**Exercise brief**
When the listing below reaches the line that has "photos of bone", start reproducing exactly; stop after the line that has "GHS confirms two", and drop the pictures.

**Data for review**
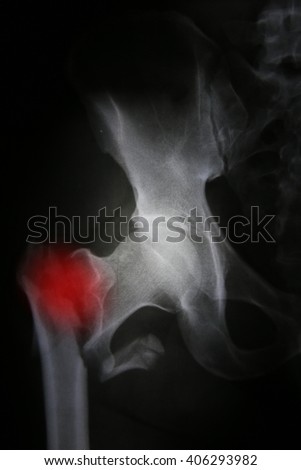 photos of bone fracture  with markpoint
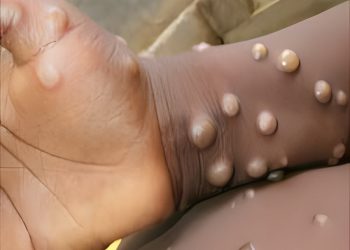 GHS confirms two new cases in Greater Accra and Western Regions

...

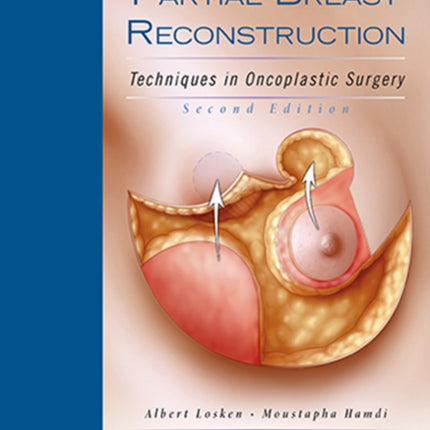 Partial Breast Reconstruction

...

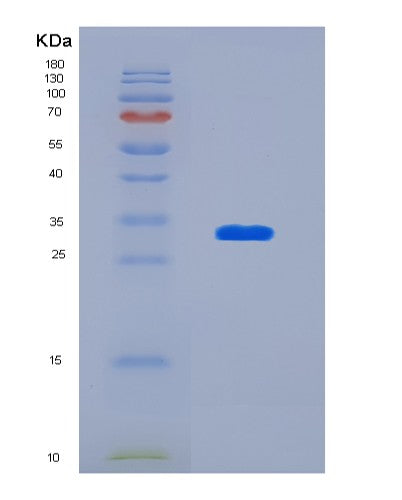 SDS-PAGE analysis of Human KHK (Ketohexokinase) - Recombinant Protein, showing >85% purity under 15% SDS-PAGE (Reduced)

**Answer section**
 photos of bone fracture  with markpoint
 GHS confirms two new cases in Greater Accra and Western Regions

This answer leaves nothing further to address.